In the late 1270s, King Maravarman Kulasekara Pandyan sent an expedition to Sri Lanka headed by his minister Kulasekara Cinkaiariyan Aryachakravarti who defeated Savakanmaindan of the Jaffna kingdom, a tributary to the Pandyans. He then plundered the fortress of Subhagiri (Yapahuwa) and brought with him the Relic of the tooth of the Buddha. Bhuvanaika Bahu’s successor Parâkkamabâhu III went personally to King Maravarman Kulasekaran Pandyan”s court and persuaded him to return the tooth relic.
Sri Lanka was under Pandyan Suzerainty for the next twenty years and regained its independence only in 1308 AD.
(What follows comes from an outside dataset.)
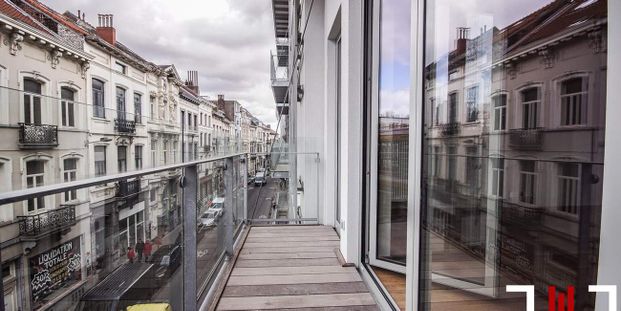 Appartement te huur in Elsene voor € 1.715 met 2 slaapkamers - Photo 1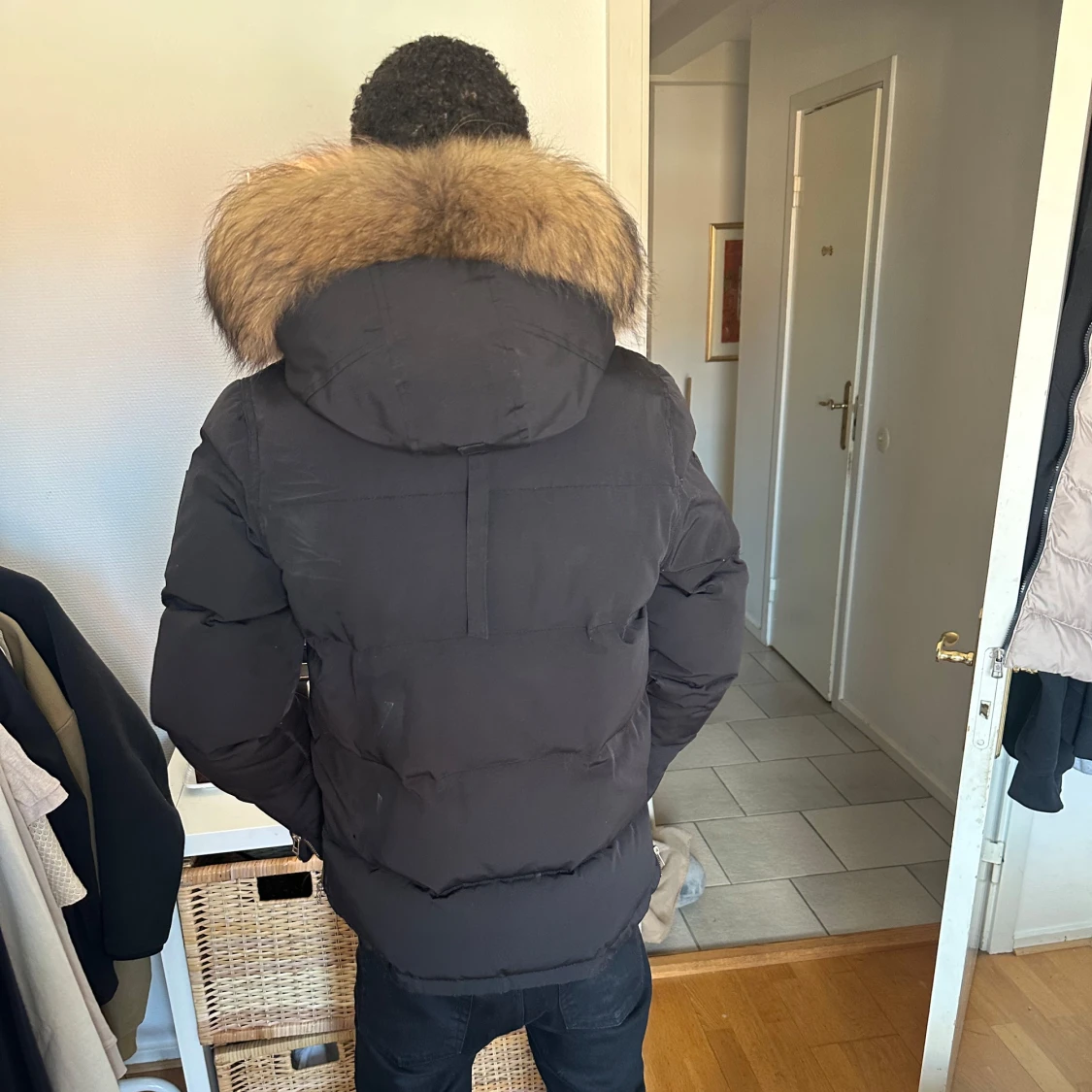 Svart dunjacka Moose Knuckles med päls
The Persian historian Abdulla Wassaf of Shiraz claims that an Arab Muslim named Takiuddin Abdur Rahman, son of Muhammadut Tibi was appointed by Maravarman Kulasekara Pandyan as the prime minister and adviser, he was also bestowed with the coastal cities of Kulasekharapatnam, Kayalpattinam, Fitan and Mali Fitan for his services to the crown.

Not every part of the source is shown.